List:Falcon Storage Engine« Previous MessageNext Message »
From:Kevin Lewis Date:March 23 2009 12:55am
Subject:Re: Deadlock detector accesses deleted Transaction?
View as plain text  
Olav, If a TransactionState::waitingFor is pointing to another 
TransactionState object, it should set a useCount.  Would this solve the 
problem?

Olav Sandstaa wrote:
> Hi,
> 
> Bug#41665 reports a crash situation in
> Transaction::waitForTransaction() caused by Falcon accessing a deleted
> transaction object. I expected this to be caused by the RecordVersion
> object having a pointer to a deleted Transaction object. And by
> introducing the TransactionState object and using this instead of the
> Transaction object it first seemed like it fixed the problem. The
> attached repro case for bug#41655 which failed almost on every run
> before the fix ran without error for the ~15 test runs (or more than
> an hour) - but then it crashed again.
> 
> The new crash occurs in the "dead lock detector" in
> Transaction::waitForTransaction(). In the for loop the "trans" pointer
> points to an illegal address:
> 
>    volatile Transaction *trans;
>    for (trans = transaction->waitingFor; trans; trans = trans->waitingFor)

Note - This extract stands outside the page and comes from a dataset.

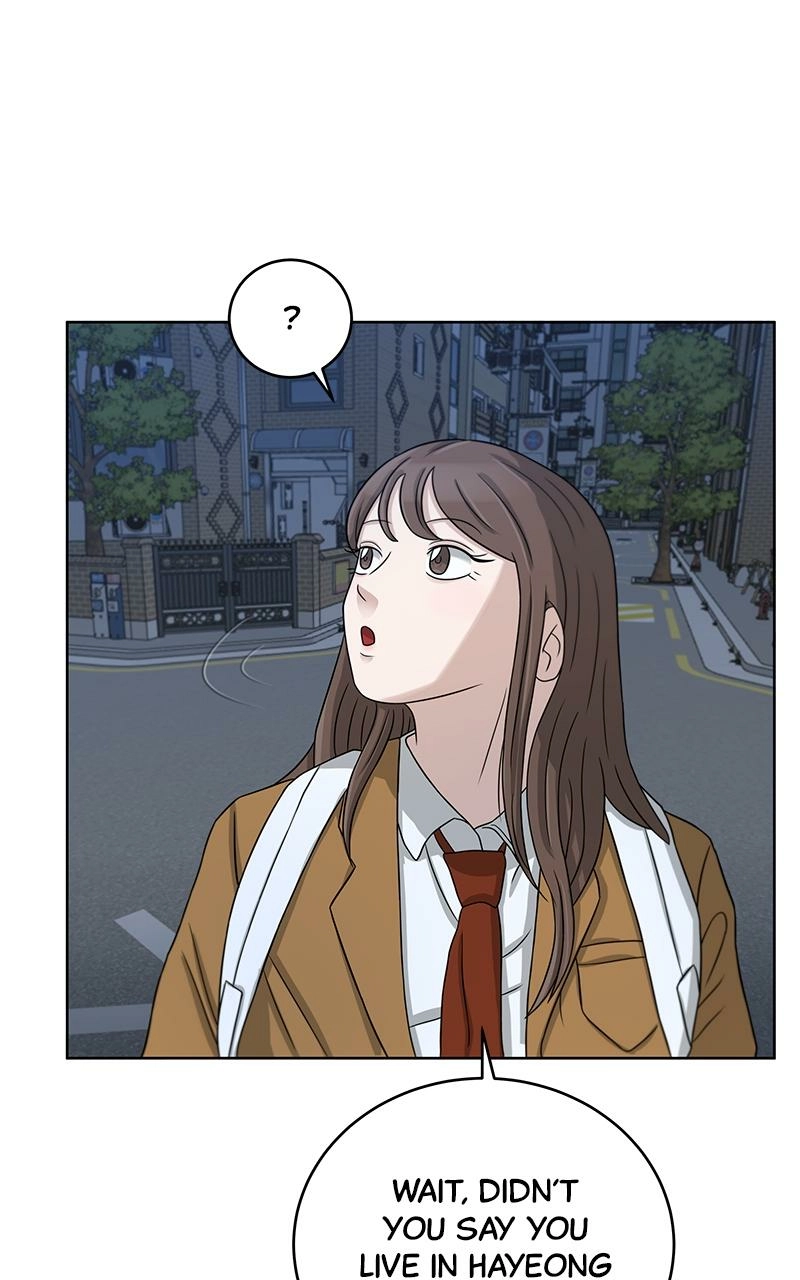 Bigman Chapter 18 page 63 -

>        if (trans == this)
>            {
>            *deadlock = true;
>            break;
>            }
> 
> Note that as part of the rewrite and introduction of the new
> TransactionState object I have rewritten this code to:
> 
>       volatile TransactionState *trans;
>    for (trans = ts->waitingFor; trans; trans = trans->waitingFor)
>        if (trans == this->transactionState)
>            {
>            *deadlock = true;
>            break;
>            }
> 
> I hope this code should behave the same as the original code but I can
> not exclude that I have introduced something in the code that causes
> this crash.
> 
> My initial theory for how this crash can happen is that the
> Transaction object's waitingFor pointer can access a deleted
> Transaction object. I have not been able to get this in a debuger/core
> file but currently my theory based on reading code is that the
> following scenario can happen:
> 
> 1. When we start, the following three Transactions A, B, C exists and
> A and B is blocked by C:
> 
>       |A|->|B|->|C|
> 
>   where "->" is the waitingFor pointer.
> 
> 2. Transaction C commits (or more likely aborts). This unlocks the
> "syncIsActive" lock which B is waiting on. Note that C's transaction
> object still exists since B has a use count on it.
> 
> 3. A "new" transaction D calls Transaction::waitForTransaction(A) and
> the wait for graph becomes:
> 
>     |D|->|A|->|B|->|C|
> 
> 4. Transaction D initializes the "dead lock detector" by walking
> through this list. At some point the "trans" pointer points on "C" -
> at this time the thread is interrupted (or more likely runs in
> parallel with thread B on a multi-core machine).
> 
> 5. Thread B is waken-up (signalled by thread C in step 2 above) and
> continue to run: it release the use count it has on C' transaction
> object. I think this can be the last use count and this leads to C's
> transaction object being deleted.
> 
> 6. The thread running transaction D continues with the "dead lock
> detector". The "trans" pointer now point to a deleted (and
> overwritten) transaction object and this leads to it (eventually)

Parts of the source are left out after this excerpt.